▸ **Exercise description**
Give back only the lines from the one with "Four individuals are" through the last line of the data, exactly as they appear.

▸ **Provided data**

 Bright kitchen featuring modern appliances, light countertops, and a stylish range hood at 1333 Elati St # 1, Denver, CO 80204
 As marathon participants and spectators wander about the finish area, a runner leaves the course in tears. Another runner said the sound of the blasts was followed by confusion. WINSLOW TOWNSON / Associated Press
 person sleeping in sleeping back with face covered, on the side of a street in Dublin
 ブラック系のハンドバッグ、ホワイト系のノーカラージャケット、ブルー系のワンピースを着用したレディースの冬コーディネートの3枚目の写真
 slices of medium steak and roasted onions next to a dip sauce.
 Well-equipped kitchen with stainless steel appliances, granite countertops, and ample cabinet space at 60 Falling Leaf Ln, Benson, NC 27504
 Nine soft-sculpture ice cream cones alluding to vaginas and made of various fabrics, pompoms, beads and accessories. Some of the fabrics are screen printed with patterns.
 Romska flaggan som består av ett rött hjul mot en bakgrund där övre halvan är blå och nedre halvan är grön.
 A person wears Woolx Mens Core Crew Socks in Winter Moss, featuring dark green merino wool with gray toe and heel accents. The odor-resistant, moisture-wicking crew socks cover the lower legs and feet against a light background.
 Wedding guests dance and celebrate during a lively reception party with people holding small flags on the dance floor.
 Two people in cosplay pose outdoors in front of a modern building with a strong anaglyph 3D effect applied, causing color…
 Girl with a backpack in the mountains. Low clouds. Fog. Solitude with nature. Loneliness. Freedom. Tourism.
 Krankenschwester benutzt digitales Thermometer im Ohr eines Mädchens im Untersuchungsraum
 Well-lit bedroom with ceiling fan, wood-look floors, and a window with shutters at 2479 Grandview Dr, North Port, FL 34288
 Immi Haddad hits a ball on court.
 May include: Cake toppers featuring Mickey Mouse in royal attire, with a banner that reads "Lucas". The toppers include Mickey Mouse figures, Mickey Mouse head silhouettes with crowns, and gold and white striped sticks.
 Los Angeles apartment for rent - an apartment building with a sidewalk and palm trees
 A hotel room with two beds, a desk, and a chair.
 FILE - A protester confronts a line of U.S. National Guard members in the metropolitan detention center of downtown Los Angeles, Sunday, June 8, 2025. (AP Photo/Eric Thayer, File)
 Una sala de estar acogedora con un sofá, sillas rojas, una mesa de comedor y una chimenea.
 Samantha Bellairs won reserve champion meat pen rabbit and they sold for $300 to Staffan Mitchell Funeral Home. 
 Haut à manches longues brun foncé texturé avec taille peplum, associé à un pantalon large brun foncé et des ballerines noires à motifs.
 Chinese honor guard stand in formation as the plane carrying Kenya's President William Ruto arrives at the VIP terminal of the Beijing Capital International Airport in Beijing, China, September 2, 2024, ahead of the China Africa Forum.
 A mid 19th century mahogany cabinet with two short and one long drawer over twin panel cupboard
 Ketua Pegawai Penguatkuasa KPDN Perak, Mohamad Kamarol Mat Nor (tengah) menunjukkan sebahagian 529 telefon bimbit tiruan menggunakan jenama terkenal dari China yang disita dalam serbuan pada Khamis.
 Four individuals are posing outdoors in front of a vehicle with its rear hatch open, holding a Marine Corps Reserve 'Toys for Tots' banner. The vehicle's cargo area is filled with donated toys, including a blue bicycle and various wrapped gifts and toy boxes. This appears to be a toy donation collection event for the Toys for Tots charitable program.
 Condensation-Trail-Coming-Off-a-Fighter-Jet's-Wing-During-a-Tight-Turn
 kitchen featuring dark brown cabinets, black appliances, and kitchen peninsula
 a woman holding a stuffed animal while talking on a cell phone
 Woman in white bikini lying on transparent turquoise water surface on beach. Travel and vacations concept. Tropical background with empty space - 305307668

▸ **Answer below**
 Four individuals are posing outdoors in front of a vehicle with its rear hatch open, holding a Marine Corps Reserve 'Toys for Tots' banner. The vehicle's cargo area is filled with donated toys, including a blue bicycle and various wrapped gifts and toy boxes. This appears to be a toy donation collection event for the Toys for Tots charitable program.
 Condensation-Trail-Coming-Off-a-Fighter-Jet's-Wing-During-a-Tight-Turn
 kitchen featuring dark brown cabinets, black appliances, and kitchen peninsula
 a woman holding a stuffed animal while talking on a cell phone
 Woman in white bikini lying on transparent turquoise water surface on beach. Travel and vacations concept. Tropical background with empty space - 305307668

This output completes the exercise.